:: Data shown ::
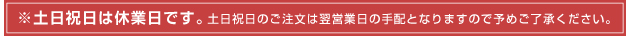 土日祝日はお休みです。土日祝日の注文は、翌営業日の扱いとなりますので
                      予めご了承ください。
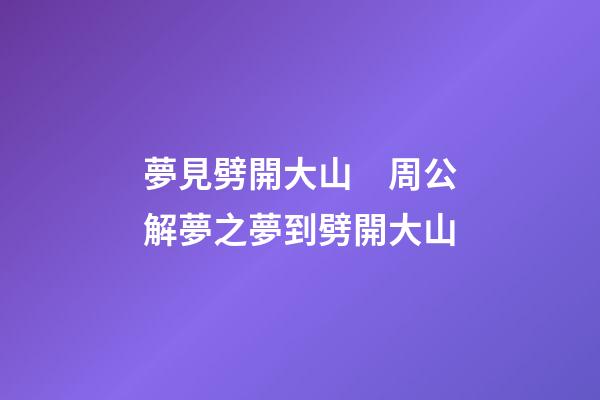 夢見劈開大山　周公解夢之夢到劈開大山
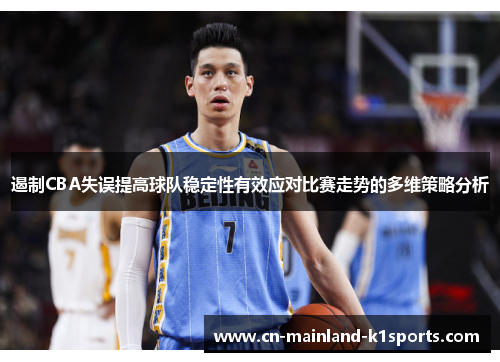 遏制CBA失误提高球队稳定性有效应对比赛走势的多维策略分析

* * *

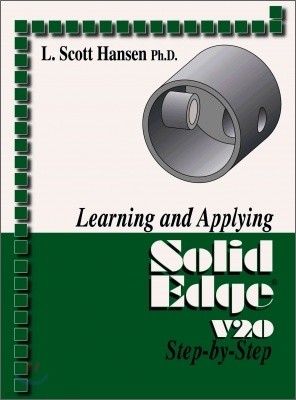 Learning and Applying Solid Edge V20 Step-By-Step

:: Requirement ::
Above are the records; copy from them only the lines starting at the one containing "土日祝日はお休みです。土日祝日の注文は、翌営業日の扱いとなりますので" and ending at the one containing "遏制CBA失误提高球队稳定性有效应对比赛走势的多维策略分析", exactly and without pictures.

:: Response for this exercise ::
 土日祝日はお休みです。土日祝日の注文は、翌営業日の扱いとなりますので
                      予めご了承ください。
 夢見劈開大山　周公解夢之夢到劈開大山
 遏制CBA失误提高球队稳定性有效应对比赛走势的多维策略分析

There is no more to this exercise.